(Beginning of Records)

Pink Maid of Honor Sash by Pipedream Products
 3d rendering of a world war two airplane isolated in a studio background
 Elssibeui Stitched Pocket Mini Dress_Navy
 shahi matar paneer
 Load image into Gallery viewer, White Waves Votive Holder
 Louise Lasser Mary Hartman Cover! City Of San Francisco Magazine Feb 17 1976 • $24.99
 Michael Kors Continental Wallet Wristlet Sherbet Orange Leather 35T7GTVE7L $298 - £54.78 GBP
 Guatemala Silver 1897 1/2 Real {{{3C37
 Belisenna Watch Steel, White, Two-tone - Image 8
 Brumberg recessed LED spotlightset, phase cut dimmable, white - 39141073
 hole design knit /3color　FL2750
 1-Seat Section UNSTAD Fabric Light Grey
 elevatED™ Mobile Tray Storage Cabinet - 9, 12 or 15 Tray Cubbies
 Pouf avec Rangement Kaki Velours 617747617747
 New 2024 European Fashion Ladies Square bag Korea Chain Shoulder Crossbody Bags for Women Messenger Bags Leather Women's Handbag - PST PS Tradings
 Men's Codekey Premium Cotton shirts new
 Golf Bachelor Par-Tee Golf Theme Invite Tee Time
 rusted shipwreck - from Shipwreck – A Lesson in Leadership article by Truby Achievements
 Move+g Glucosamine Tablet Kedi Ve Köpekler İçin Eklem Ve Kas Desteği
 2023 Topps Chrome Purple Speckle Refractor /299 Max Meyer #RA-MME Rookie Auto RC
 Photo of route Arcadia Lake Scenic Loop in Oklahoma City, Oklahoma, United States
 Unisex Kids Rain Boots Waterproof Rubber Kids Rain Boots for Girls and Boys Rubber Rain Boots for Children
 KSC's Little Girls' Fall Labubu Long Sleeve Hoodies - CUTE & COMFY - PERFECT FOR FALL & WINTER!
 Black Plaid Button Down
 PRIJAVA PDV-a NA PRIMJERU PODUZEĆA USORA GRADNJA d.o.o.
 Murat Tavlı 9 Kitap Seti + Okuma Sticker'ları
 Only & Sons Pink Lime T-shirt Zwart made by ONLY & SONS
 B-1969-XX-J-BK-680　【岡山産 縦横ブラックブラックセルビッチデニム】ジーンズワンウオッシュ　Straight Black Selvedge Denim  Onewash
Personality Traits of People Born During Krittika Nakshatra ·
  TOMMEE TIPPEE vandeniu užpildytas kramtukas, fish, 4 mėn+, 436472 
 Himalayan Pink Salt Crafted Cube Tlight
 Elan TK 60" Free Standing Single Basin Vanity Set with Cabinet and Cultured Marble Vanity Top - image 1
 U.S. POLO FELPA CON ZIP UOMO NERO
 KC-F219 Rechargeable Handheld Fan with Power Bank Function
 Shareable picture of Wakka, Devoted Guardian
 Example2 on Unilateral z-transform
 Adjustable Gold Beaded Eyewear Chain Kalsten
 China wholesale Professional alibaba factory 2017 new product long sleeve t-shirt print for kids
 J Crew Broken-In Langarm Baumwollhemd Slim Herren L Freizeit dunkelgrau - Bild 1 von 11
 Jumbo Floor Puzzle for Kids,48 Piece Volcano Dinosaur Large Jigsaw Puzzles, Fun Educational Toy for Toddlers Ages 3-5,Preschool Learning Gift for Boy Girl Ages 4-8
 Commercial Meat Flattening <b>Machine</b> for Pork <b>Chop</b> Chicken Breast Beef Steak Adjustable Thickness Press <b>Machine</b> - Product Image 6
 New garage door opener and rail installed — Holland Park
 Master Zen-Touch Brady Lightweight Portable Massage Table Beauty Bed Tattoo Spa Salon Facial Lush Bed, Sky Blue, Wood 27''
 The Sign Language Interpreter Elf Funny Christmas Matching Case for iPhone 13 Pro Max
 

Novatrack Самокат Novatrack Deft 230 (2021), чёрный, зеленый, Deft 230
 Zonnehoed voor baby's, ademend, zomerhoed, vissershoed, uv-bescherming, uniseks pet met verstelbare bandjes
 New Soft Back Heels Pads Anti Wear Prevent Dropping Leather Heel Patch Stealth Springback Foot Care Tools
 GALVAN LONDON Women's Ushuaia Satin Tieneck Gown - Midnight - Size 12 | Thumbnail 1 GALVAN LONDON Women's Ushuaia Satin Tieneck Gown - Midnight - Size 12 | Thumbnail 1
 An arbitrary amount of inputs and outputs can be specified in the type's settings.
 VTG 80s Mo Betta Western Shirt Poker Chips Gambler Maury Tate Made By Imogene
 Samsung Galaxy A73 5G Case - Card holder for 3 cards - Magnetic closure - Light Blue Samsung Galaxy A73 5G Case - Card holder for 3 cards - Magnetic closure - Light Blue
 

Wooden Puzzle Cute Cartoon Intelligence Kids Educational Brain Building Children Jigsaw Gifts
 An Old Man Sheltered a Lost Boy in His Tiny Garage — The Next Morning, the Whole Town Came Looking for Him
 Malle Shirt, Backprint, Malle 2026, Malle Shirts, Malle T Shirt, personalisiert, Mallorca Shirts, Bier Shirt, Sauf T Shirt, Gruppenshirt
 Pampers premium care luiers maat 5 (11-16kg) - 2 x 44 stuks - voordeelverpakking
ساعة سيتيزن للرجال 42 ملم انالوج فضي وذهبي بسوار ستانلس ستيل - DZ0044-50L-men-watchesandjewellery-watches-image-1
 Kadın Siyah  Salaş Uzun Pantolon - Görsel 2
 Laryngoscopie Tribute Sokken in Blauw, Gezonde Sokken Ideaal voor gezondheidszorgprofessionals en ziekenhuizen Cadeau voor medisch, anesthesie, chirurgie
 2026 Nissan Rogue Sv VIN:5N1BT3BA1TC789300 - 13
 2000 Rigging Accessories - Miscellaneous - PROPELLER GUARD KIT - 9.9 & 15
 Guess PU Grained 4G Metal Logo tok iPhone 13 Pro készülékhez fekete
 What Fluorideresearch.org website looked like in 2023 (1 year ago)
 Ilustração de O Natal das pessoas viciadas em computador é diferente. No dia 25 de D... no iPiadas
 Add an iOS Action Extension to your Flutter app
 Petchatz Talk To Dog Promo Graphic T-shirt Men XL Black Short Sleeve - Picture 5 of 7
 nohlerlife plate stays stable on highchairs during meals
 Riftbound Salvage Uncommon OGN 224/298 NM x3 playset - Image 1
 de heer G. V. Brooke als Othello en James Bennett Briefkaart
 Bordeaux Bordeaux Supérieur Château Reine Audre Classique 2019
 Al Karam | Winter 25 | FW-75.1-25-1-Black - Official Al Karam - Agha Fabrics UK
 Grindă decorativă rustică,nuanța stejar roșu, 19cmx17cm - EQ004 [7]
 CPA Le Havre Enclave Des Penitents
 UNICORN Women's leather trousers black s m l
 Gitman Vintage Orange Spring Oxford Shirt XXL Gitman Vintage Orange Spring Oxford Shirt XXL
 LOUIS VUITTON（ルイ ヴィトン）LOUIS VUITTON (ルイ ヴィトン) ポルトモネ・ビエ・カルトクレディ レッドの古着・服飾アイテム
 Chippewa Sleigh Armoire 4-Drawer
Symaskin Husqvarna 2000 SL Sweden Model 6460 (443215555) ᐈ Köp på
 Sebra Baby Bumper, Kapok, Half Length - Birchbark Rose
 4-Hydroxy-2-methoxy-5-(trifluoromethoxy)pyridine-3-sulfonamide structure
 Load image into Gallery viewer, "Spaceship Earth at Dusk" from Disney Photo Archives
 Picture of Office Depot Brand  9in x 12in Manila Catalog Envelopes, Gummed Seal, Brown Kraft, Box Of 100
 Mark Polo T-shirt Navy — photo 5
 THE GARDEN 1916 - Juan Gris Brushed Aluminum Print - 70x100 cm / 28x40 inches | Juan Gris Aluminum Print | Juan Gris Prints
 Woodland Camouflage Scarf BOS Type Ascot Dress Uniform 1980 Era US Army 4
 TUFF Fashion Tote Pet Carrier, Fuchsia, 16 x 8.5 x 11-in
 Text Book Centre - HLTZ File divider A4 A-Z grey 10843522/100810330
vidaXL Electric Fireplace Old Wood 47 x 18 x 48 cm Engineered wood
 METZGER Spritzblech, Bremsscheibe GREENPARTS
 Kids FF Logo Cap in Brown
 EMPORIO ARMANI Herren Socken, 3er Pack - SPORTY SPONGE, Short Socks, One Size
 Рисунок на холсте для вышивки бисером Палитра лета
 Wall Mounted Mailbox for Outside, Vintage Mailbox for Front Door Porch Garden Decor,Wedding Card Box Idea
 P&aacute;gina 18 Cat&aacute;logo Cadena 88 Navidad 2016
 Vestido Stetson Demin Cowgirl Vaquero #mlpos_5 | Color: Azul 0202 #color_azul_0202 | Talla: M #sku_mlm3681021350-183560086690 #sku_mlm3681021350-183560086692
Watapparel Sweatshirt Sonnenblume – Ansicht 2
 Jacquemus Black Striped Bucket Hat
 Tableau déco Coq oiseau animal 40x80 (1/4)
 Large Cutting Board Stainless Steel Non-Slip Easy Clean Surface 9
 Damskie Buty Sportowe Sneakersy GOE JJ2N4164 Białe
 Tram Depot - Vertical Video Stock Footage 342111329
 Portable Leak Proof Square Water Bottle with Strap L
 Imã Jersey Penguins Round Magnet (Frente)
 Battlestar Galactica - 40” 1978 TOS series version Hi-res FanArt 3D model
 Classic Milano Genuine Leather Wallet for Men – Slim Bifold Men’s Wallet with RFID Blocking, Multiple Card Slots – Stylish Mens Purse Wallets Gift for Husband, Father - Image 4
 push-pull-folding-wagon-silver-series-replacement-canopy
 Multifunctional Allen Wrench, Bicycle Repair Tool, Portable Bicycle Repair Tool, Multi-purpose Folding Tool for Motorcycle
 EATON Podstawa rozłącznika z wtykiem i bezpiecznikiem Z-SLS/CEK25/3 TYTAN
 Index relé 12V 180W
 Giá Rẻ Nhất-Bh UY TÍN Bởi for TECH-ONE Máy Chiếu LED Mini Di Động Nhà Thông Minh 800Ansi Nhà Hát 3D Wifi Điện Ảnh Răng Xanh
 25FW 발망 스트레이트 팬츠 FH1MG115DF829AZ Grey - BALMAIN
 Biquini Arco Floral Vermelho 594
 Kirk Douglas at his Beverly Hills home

(End of Records)

* Your goal
Copy the records above exactly, from the first line through the line containing "Load image into Gallery viewer, White", and include nothing else.

* Your response
Pink Maid of Honor Sash by Pipedream Products
 3d rendering of a world war two airplane isolated in a studio background
 Elssibeui Stitched Pocket Mini Dress_Navy
 shahi matar paneer
 Load image into Gallery viewer, White Waves Votive Holder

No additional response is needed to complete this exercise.